— ACTION ITEM —
Reproduce every entry exactly and leave its pictures out.

Records drawn from a dataset
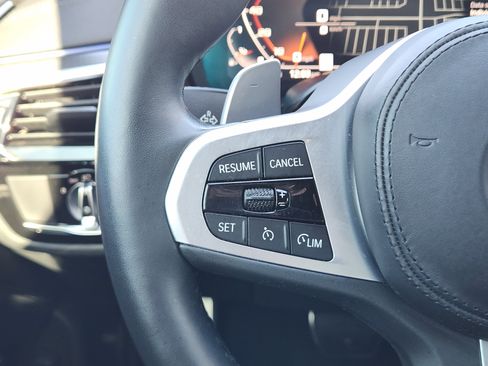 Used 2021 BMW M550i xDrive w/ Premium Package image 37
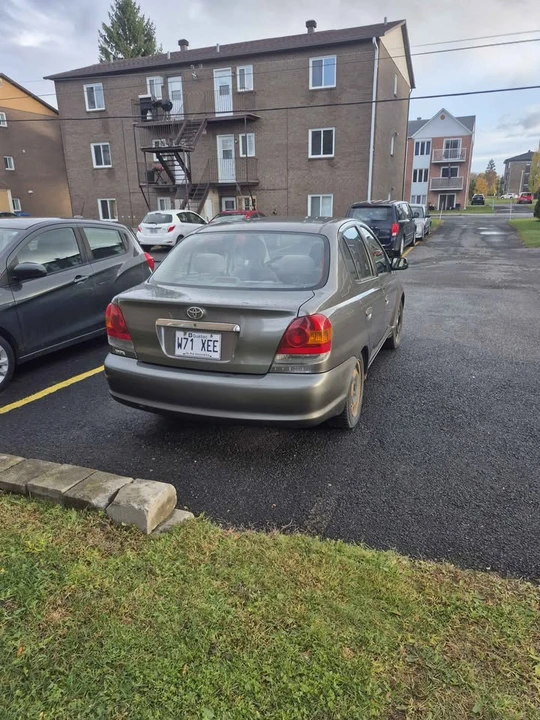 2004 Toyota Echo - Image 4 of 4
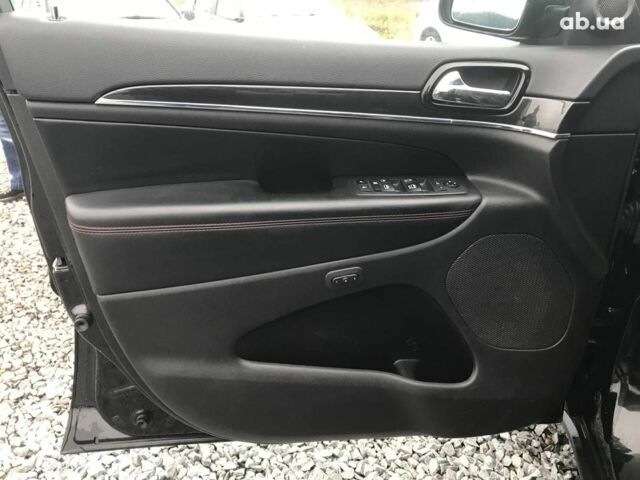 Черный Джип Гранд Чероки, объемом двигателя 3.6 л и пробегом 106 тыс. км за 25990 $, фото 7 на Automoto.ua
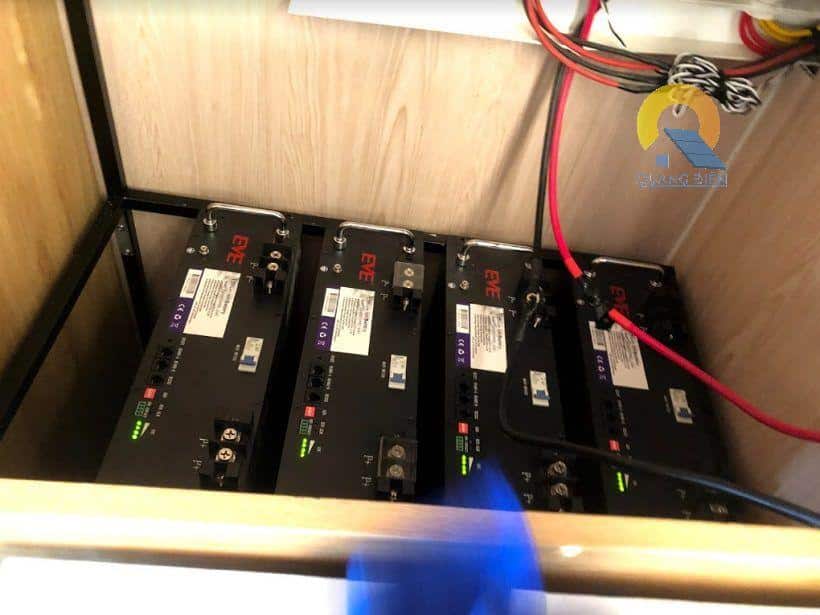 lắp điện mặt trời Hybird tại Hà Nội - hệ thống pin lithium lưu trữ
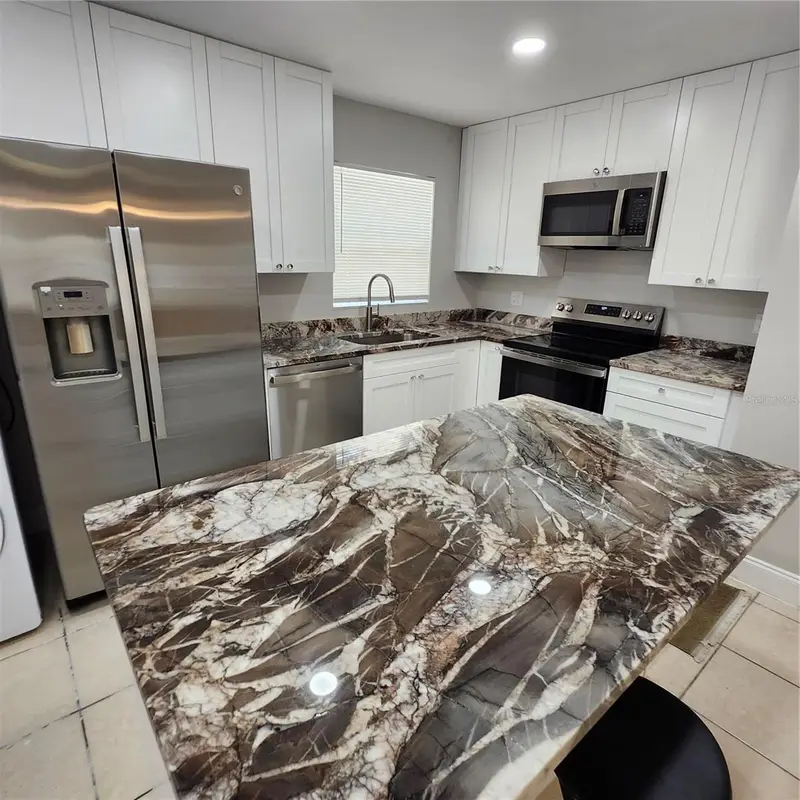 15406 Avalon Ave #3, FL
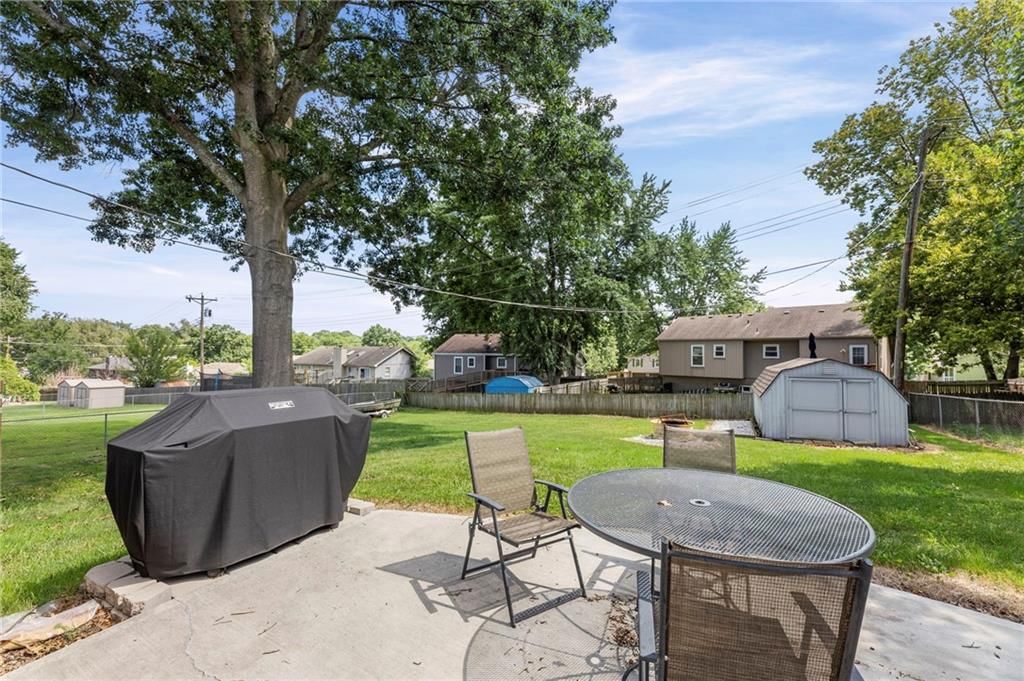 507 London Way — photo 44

— PROBLEM SOLUTION —
 Used 2021 BMW M550i xDrive w/ Premium Package image 37
 2004 Toyota Echo - Image 4 of 4
 Черный Джип Гранд Чероки, объемом двигателя 3.6 л и пробегом 106 тыс. км за 25990 $, фото 7 на Automoto.ua
 lắp điện mặt trời Hybird tại Hà Nội - hệ thống pin lithium lưu trữ
 15406 Avalon Ave #3, FL
 507 London Way — photo 44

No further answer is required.